If you have a subset reference and you want to convert it back to a normal non-subset reference, then you can invoke the following command:
DisableSubset inRef;
- Does nothing if the reference is already non-subset.
- Fails if inRef is a null reference.
***** TO BE RESOLVED *****
A potential problem in the current implementation:
For example, if you have a subset reference, and you pass it (copy the reference) to another Command Implementation that invokes MNumArray::Append on its copy of the reference. MNumArray::Append extends the subset range to include the newly appended item. However, only the subset range in the second Command Implementation is updated, not the range in the reference in the first Command Implementation. Thus when the second Command Implementation returns to the first, the first does not see the appended item because it is outside of its subset range that was not updated (because there were 2 references).
A solution is to change the reference parameter in the second Command Implementation from input to inout, then the change to the subset range will be copied back to the first Command Implementation. But does this effectively mean that all references will have to be passed as inout otherwise they will only be able to use subset ranges in a read-only manner?
Perhaps it would be better for subset ranges to be taken out of the references, and instead put into separate subset objects that contain a subset range and an internal reference to the real object, and then they act like the real object but limited to the subset range. These subset objects could use an optimized mem alloc strategy to help mitigate the overhead of creating another object.
Alternatively, the subset range could be stored within the object itself.
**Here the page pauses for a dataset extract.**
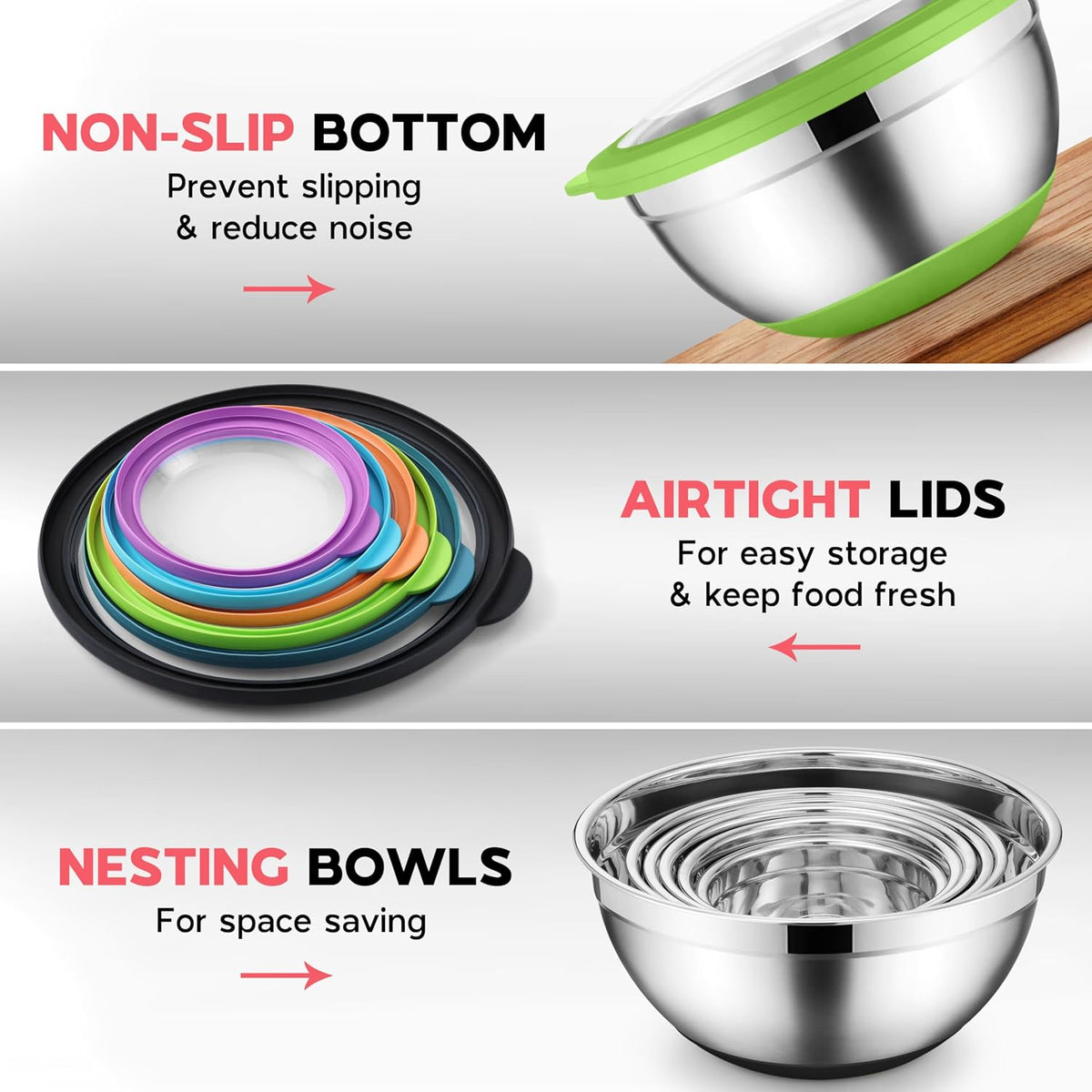 Mixing Bowls with Lids Set of 6, Large Metal Nesting Mixing Bowls, Stainless Steel Non-Slip Salad Bowl Khaki – Size 0.7, 1, 1.5, 2, 2.6, 4.6QT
This yields the best performance but is less useful, and if the subset range is used when reading the object, then reading the object sort of modifies the object but not exactly.
***** ITERATORS *****
The concept of subsets should probably be merged with iterator objects. For example, if you can create an iterator object that iterates through a subset of the real object, and you insert new items via/using the iterator object, then they are inserted into the subset relative to the start of the subset.
One advantage of iterators: For example, a command can iterate through a list of object references without having to know whether the list is implemented as an MRefArray or an MChain (the same program code works for both).
An iterator object encapsulates the internal mechanism of how the iteration occurs. By having different types of iterators (for example forward iterators and backward iterators), the same program code can iterate through a list/array in different directions (or in different orders) depending on the type of iterator supplied.
An iterator object internally contains a reference to the real object it iterates through. Thus if you have an iterator object and you want to use it, then only the iterator object need be specified -- the real object does not need to be specified along with the iterator object because the iterator object already contains an internal reference to the real object.
Random-access iterators should be supported as well as sequential iterators. Random-access means accessing an item by specifying an ordinal relative to the start (or end) of the subset.